“The Fool”, The Medieval Scapini Tarot
I’ve been posting different images of The Hermit from various tarot decks on or around New Years for the last few years, because The Hermit has always reminded me of father time. The movement from one year to the next.
This year though, I think it is more appropriate to post an image of The Fool. This Fool is getting ready for a new journey out into the unknown, with all of his possessions slung over his shoulder, and some weird-ass dog/lion/cat/hybrid/deal-ie-o biting him on the butt and pulling his pants down.
Yep, that seems better and more accurate 🙂
… so long 2016. There were some good things about ya for sure, but overall, you were a mean son-of-a-bitch.
Happy New Year!
I’m able to listen to a lot of audio-books and podcasts while I work so, of course, I do. One of the podcasts I look forward to each week is Expanding Mind, and about a week or two ago they interviewed artist Suzanne Treister about her new tarot deck and book, Hexen 2.0
I’ve always liked looking at old alchemical charts and diagrams, and that is what Treister’s work reminded me of. Even though I don’t really use them, I’ve also been intrigued by the tarot. I like looking at the different decks and have thought for a very long time that the artwork illustrates very powerful symbols.
I decided to get the Hexen 2.0 book, and I’m glad I did.

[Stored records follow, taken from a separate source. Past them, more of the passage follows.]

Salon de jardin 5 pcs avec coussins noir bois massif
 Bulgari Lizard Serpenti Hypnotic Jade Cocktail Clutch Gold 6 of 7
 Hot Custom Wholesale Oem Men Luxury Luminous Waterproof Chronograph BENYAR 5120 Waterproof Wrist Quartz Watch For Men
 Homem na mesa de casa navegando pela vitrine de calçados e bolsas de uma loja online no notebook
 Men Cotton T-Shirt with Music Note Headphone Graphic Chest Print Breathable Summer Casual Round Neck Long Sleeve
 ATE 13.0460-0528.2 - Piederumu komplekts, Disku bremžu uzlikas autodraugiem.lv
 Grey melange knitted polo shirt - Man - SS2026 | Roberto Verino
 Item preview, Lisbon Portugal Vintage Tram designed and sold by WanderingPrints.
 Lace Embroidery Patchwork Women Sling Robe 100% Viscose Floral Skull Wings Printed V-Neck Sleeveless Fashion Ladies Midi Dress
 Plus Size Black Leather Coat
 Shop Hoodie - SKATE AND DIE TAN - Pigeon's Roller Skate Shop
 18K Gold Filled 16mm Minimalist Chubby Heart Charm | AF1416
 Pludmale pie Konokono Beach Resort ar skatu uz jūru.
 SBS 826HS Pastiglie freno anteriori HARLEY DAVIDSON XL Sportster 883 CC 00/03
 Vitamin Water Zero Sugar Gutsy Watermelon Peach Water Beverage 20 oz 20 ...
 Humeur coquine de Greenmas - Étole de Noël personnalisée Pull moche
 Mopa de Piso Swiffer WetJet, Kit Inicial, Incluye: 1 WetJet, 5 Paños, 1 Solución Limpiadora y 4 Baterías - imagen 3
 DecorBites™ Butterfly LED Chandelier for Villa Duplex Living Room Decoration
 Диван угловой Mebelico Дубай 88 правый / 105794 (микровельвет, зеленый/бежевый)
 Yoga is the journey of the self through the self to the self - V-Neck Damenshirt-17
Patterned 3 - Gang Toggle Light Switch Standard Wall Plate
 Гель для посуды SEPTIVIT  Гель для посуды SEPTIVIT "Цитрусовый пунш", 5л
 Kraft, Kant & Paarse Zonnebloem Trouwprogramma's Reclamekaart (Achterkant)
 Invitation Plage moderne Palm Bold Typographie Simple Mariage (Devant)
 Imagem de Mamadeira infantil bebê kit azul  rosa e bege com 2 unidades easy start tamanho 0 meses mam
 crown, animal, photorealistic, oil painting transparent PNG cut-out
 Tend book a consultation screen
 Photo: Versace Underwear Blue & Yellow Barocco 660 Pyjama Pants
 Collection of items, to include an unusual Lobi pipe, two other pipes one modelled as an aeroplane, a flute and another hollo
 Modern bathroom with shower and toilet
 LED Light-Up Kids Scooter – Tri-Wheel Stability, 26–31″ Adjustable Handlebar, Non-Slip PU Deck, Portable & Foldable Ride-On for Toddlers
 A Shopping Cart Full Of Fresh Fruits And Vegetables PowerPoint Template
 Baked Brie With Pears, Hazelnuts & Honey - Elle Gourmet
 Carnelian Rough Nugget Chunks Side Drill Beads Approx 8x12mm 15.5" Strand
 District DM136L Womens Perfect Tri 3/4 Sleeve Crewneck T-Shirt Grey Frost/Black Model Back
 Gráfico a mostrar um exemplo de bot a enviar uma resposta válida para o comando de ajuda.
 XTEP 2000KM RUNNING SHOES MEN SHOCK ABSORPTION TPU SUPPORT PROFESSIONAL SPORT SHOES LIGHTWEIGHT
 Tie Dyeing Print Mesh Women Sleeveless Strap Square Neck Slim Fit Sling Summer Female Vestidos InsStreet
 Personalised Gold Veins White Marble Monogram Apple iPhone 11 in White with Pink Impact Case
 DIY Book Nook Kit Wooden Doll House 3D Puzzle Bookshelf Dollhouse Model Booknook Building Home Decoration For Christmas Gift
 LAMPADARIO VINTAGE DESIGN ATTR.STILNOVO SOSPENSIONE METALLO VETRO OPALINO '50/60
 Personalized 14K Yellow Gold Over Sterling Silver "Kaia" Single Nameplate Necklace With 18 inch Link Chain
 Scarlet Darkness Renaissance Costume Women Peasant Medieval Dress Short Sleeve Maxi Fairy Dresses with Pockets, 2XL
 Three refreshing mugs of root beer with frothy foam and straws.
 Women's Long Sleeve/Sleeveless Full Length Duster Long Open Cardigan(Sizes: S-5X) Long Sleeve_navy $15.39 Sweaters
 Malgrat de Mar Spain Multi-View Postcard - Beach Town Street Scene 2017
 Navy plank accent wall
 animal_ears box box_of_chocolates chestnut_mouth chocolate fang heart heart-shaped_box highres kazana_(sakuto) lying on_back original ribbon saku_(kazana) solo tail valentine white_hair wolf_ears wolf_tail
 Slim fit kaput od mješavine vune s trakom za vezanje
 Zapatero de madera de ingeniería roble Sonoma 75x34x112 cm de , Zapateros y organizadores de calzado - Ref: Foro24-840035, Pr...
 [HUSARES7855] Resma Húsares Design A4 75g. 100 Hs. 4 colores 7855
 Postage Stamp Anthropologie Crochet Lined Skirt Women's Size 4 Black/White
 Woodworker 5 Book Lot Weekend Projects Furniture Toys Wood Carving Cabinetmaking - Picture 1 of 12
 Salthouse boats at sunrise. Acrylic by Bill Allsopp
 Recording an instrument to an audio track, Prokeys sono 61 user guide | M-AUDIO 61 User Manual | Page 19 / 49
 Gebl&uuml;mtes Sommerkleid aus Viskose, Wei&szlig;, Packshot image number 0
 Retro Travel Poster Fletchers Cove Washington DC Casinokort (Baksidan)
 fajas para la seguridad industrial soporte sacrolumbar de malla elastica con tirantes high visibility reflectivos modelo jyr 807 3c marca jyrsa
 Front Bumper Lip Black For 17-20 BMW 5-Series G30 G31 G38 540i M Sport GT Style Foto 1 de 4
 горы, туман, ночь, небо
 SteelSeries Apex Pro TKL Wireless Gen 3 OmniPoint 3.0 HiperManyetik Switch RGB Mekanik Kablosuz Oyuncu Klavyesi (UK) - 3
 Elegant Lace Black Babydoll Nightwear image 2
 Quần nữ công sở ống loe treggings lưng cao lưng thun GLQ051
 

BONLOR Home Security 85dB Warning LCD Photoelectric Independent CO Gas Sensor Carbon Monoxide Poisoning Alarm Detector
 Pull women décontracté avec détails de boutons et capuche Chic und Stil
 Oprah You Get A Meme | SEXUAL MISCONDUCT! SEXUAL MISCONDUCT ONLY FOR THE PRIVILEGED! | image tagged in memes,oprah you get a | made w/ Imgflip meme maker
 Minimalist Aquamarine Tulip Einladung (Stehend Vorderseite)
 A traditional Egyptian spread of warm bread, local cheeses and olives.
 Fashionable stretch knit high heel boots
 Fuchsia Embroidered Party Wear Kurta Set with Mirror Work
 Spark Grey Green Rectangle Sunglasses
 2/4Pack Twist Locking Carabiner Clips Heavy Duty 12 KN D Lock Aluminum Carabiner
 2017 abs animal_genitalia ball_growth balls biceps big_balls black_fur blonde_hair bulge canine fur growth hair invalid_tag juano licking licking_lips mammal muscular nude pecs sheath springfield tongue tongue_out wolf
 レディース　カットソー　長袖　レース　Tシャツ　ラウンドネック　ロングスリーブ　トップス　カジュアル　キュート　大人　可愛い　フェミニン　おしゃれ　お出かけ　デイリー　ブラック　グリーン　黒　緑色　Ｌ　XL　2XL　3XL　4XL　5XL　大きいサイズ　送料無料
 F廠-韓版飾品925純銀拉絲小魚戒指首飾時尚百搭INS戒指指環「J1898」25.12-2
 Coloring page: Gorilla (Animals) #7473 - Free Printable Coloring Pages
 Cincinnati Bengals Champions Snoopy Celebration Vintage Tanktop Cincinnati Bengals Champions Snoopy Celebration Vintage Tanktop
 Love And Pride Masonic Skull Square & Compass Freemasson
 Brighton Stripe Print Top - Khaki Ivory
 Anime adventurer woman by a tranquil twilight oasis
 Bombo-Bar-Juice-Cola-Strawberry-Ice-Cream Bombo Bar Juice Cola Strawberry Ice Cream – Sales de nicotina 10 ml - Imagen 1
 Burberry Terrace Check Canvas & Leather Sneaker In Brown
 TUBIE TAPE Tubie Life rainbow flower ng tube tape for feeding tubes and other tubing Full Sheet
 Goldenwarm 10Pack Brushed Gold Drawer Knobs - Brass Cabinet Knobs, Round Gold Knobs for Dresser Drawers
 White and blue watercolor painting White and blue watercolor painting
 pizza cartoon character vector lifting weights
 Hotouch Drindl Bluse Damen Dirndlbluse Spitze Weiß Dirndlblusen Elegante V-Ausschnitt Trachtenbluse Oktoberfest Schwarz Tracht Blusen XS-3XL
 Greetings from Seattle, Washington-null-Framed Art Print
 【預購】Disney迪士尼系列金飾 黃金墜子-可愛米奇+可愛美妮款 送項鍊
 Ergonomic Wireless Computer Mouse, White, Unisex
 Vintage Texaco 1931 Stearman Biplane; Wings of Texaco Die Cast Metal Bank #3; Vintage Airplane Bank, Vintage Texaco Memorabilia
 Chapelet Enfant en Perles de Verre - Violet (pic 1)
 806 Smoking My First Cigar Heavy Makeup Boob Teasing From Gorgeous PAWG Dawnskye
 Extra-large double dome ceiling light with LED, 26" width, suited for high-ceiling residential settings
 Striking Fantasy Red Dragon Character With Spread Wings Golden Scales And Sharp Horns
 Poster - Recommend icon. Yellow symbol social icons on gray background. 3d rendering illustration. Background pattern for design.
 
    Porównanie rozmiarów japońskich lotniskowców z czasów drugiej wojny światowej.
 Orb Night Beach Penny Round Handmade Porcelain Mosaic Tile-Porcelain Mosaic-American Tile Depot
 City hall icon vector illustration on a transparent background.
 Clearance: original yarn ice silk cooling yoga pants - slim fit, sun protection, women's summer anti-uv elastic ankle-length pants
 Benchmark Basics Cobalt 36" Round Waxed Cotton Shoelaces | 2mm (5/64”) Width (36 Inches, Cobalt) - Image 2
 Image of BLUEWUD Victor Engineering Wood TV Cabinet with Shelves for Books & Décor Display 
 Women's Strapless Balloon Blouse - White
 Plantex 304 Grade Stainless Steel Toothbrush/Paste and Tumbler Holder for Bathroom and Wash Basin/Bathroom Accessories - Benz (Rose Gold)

I enjoy the artwork very much, but what I think I like the most is that each card uses a historical person or event to illustrate the meaning of that specific card. Although with other decks I think I might have an almost intuitive understanding of each symbol (we all probably do), Treister’s deck helps make it a little more clear. I like that and appreciate all of the work that went into her deck.
If you’ve ever had any questions about the tarot, this book might be a good place to start.